De todos os vícios, os de comportamento, os do ego, são sem dúvida, os mais doloridos... São os que provocam a pior abstinência. As crises são longas e diluídas no dia-a-dia.
Quem me dera suar, gritar, rolar no chão, espernear e expurgar tudo o que sinto em poucos dias!
Quem me dera não ficar com esse monte de ideias loucas, esse amontoado de sentimentos, essa cortina de emoções a me nublar a vista, a tirar a beleza e o colorido dos meus dias!
Quem me dera poder me internar nun lugar, quem me dera um punhado de pílulas coloridas pra disfarçar o gosto amargo de se abandonar a loucura, a mania, o vício... Quem me dera passar 3 meses recolhida e voltar renovada!
Não... não é tão fácil!
É preciso ouvir aquelas músicas, passar por aquelas ruas, falar com aquelas pessoas...

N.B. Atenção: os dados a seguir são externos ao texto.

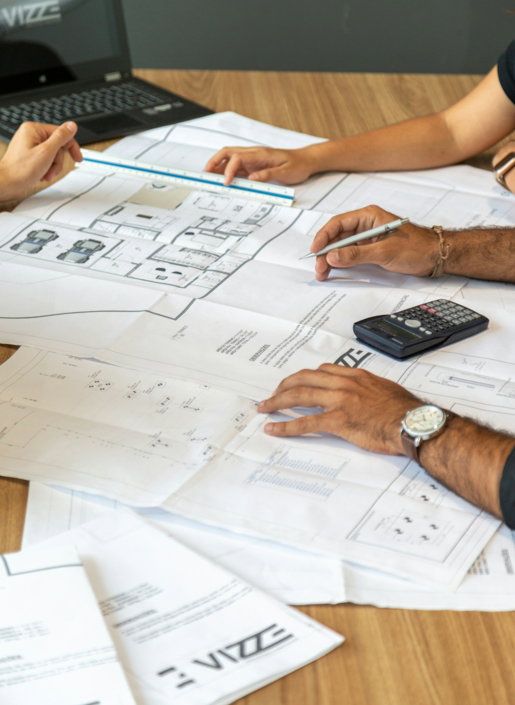 people reviewing architectural blueprints on desk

É preciso fingir que tudo vai bem e continuar, não deixar nunca de seguir em frente, mesmo que, por vezes, aos cacos...
Ir adiante como se nada nos ferisse, como se a vida não doesse, como se a vontade de estancar não sufocasse a garganta.
É preciso, dia após dia, calar a voz que grita atrás dos olhos, cegar os olhos que procuram, lavar as mãos que tateam na escuridão da loucura, lavar lavar lavar demais... pra limpar da sujeira que desejamos meter a mão de novo, mas a culpa, só por pensar, já nos macula...
É preciso, toda noite, fechar os olhos e rezar, pedir, chorar, cansar, cansar, cansar...
Pedir o indulto do esquecimento... Fechar os olhos acreditando em um novo dia.
Sufocar esse vício, um dia atrás do outro, numa luta longa e extenuante, é um funeral a cada tarde, sepultando velhos sonhos, manias, recordações, desejos, obsessões, vontades reprimidas...
É um cortejo à loucura, mas no final, um tratamento de choque da lucidez.
Se tudo fará efeito... ah, isso eu só vou saber no fim.
E ainda não acabou...
Vou fechar os olhos e tentar dormir, mas antes vou rezar, pedir, chorar, implorar para não sonhar mais com o objeto do meu pior vício.